True West's 1980 debut, at the Public Theater, featured Peter Boyle and Tommy Lee Jones. The more famous 1982 staging at the Cherry Lane Theatre featured Chicago actors Gary Sinise and John Malkovich. Their pairing was eventually taped for broadcast on public television.

LuPone's credits include A Chorus Line and 1995's Clothes For a Summer Hotel at OB's York Theatre. He also coproduced 1998's Anadarko with Manhattan Class Company, where he serves as co- executive director.

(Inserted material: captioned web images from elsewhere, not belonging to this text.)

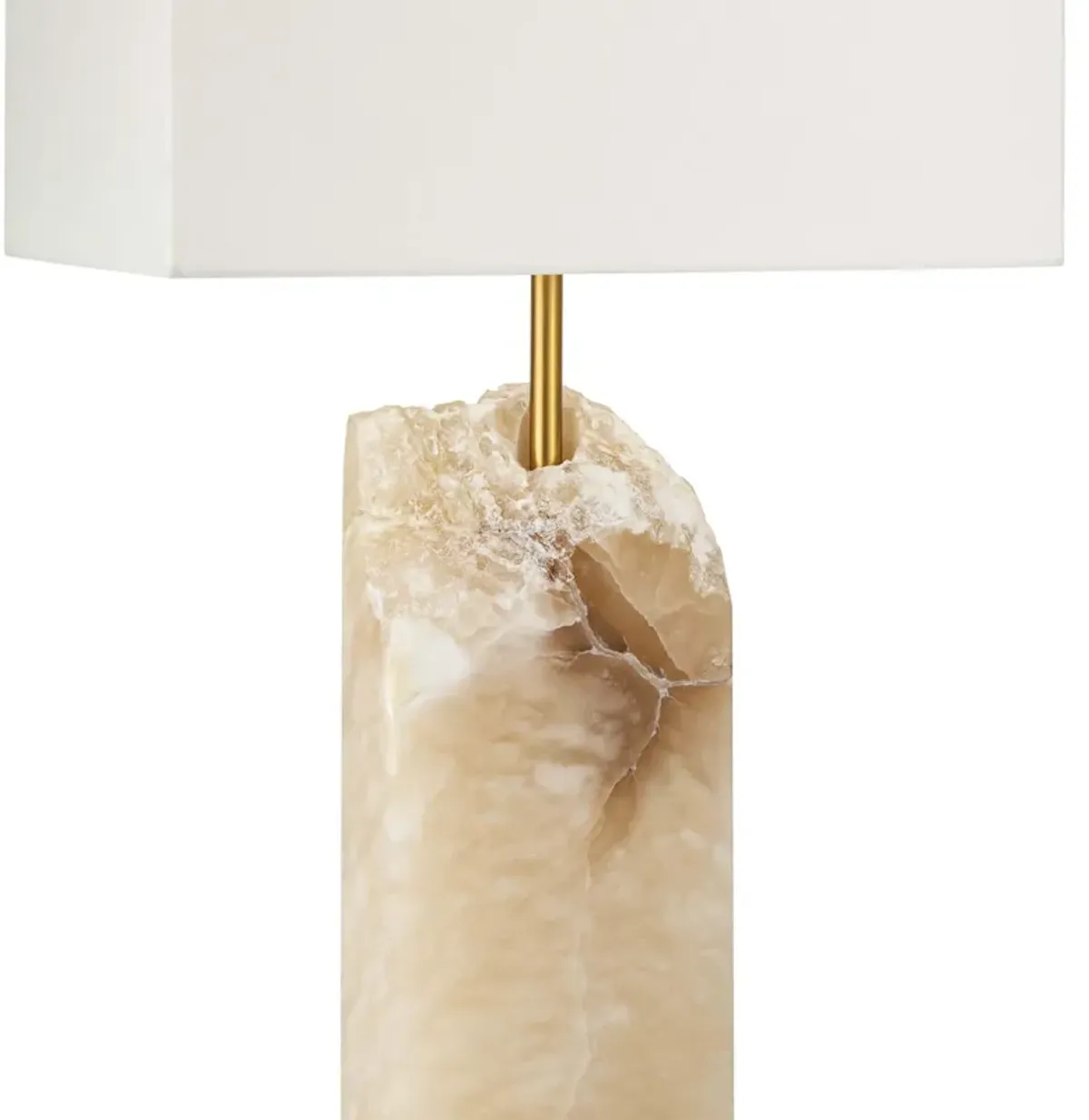 Selina Alabaster Table Lamp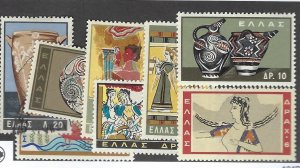 Greece SC#708-715 Mint F-VF SCV$26.65...Fill a spot!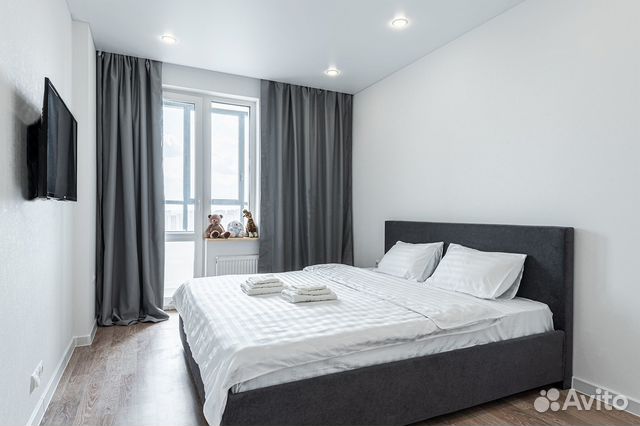 

1-к. квартира, 40 м², 1 кровать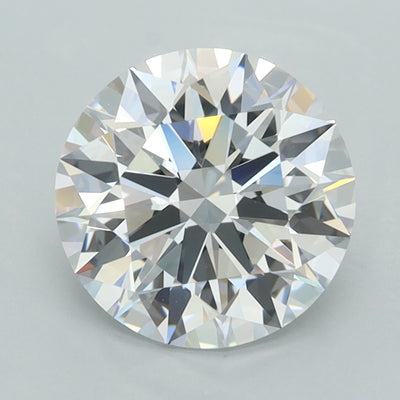 2.29 Carat Round Lab Diamond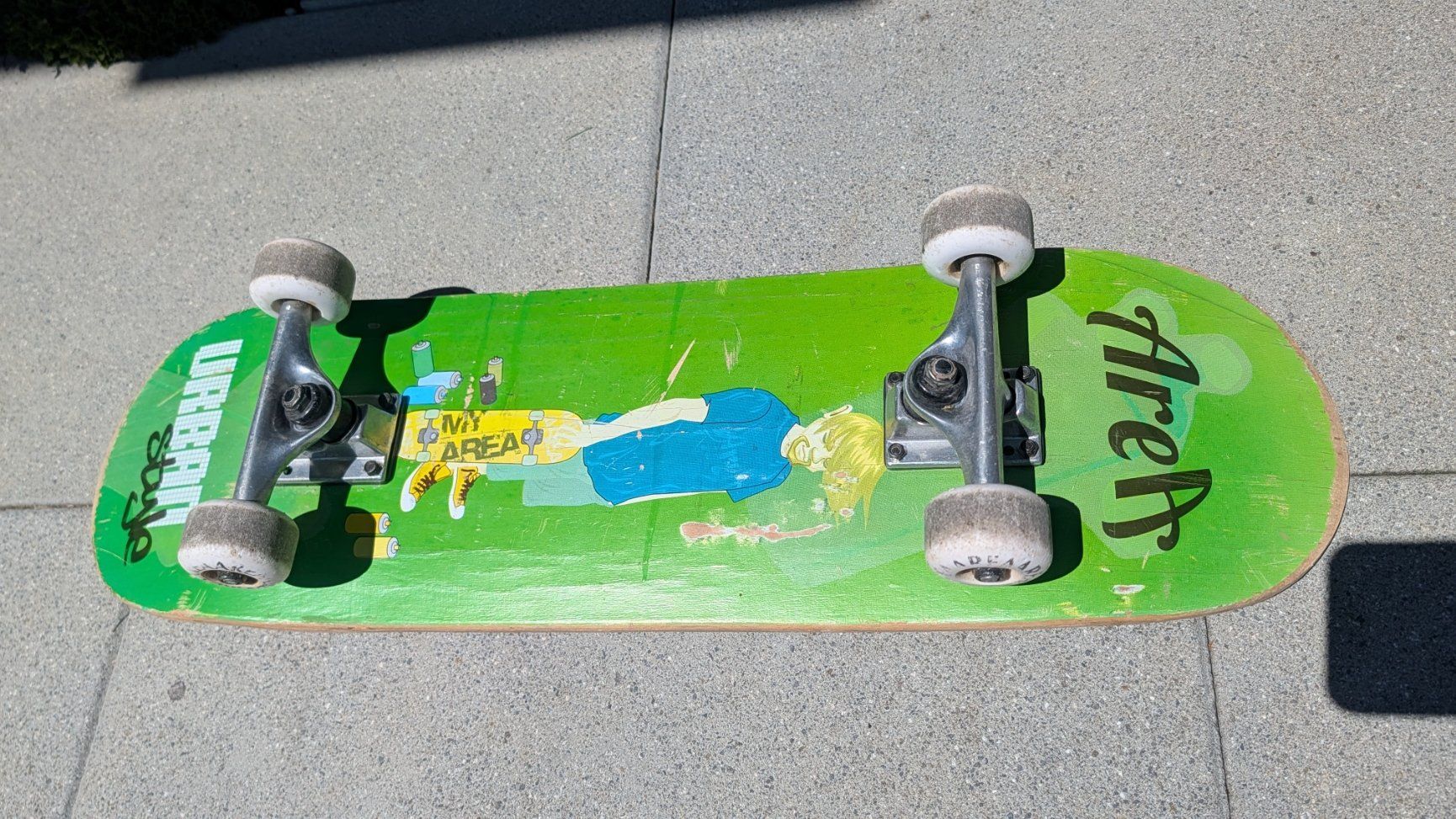 Skateboards: Skateboard – Gebraucht aus Rüti ZH von timmats 1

Weston appeared in the Roundabout's 1996 revival of Summer and Smoke and won an Outer Critics Circle Award for her work in 1997's Tony winner, The Last Night of Ballyhoo.

On Rosie O'Donnell's March 9 television broadcast, actors Hoffman and Reilly told her that as wild as the play can get, one scary-funny incident in early previews was a little too wild: In the scene where one character holds a tray of toast and the other smacks it out of his hand, the tray hit the ceiling a little too hard, dislodging a piece of hard plastic that came down ("like a guillotine" Reilly said) right between the two actors. They continued, sans ad-libs, with the scene despite the accident, with Hoffman adding that his friend, who saw the show that night, later told him, "I know it was scary for you, but it was great for the audience!."

Other plays by Shepard include Simpatico (recently filmed by director Warchus), Cowboy Mouth, Seduced, Eyes For Consuela, A Lie of the Mind and Curse of the Starving Class. 1978's Buried Child won the Pulitzer Prize and received a recent Broadway revival directed by Sinise. He also penned the screenplay for "Paris, Texas" with director Wim Wenders and has appeared as an actor in such films as "Baby Boom" and "Crimes of the Heart." Asked what he was currently working on, Shepard told Playbill On-Line (March 8), "I've finished a new play, but it hasn't got a title yet." (The Daily News reports that the title is The Late Henry Moss.) Shepard didn't feel comfortable talking about the plot but did say it would be done at San Francisco's Magic Theatre, where he's developed a relationship over the past couple of seasons. On “Larry King Live” in mid-February, Nick Nolte announced that he’d be appearing in the play opposite Sean Penn and Woody Harrelson.